Il Problema dell’OER e i Catalizzatori Metallici
Vedete, la OER è un po’ il tallone d’Achille dell’elettrolisi. È una reazione complessa, che coinvolge il trasferimento di più elettroni ed è intrinsecamente lenta. Per velocizzarla, abbiamo bisogno di “aiutini”, i cosiddetti elettrocatalizzatori. Finora, i campioni indiscussi in questo campo sono stati i materiali a base di metalli, grazie alla loro ricchezza di elettroni “d” che facilitano le danze chimiche. Pensate a ossidi di iridio o rutenio: performanti, sì, ma con qualche controindicazione. Sono spesso costosi, rari e non sempre amici dell’ambiente a lungo termine.

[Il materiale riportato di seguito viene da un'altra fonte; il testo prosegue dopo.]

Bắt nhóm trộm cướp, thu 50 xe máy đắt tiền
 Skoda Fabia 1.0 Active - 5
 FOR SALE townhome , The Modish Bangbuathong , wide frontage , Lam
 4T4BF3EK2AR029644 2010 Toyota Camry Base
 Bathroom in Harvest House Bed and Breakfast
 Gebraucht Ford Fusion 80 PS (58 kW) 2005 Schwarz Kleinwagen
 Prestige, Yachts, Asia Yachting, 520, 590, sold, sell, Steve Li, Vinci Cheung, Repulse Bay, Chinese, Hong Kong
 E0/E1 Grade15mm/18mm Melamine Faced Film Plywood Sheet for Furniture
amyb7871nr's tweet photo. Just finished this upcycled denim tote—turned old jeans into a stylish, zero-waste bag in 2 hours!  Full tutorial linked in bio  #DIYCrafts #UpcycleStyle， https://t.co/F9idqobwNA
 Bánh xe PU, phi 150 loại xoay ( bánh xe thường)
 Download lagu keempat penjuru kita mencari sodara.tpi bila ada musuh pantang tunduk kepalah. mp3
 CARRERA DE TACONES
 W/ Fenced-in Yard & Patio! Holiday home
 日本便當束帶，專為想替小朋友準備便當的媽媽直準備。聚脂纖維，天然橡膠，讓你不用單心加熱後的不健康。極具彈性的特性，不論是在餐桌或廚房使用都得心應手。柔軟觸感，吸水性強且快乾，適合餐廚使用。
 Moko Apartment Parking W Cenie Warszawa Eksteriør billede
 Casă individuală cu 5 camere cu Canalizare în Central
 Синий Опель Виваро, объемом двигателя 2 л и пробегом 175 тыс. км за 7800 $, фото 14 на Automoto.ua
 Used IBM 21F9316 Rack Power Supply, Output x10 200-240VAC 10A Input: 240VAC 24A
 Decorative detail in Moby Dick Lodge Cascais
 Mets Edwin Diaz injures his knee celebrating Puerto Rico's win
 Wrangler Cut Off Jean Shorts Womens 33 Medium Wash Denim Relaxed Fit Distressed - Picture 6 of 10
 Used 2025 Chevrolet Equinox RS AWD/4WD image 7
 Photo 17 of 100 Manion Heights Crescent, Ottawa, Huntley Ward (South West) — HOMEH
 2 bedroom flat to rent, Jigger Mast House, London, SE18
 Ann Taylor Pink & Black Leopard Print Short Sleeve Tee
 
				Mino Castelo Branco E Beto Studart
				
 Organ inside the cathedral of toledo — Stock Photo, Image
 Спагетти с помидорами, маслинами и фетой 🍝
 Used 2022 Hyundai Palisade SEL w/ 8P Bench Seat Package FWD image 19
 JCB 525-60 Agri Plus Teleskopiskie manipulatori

E qui entriamo in gioco noi, o meglio, la nostra ricerca di alternative più “green” e abbondanti. Da tempo si guarda con interesse ai materiali metal-free, cioè privi di metalli, per l’elettrocatalisi. Questi materiali, spesso a base di carbonio e legati da robusti legami covalenti, offrono vantaggi non da poco:
- Sono amici dell’ambiente
- Sono costituiti da elementi abbondanti in natura
- Sono generalmente più economici
- Resistono bene ad ambienti acidi e alcalini
Tuttavia, diciamocelo francamente, le loro prestazioni nell’OER non sono state finora all’altezza dei cugini metallici. Modificare con precisione questi materiali per ottimizzarli è una bella sfida, rendendo difficile capire a fondo i meccanismi di reazione e, di conseguenza, migliorarli ulteriormente.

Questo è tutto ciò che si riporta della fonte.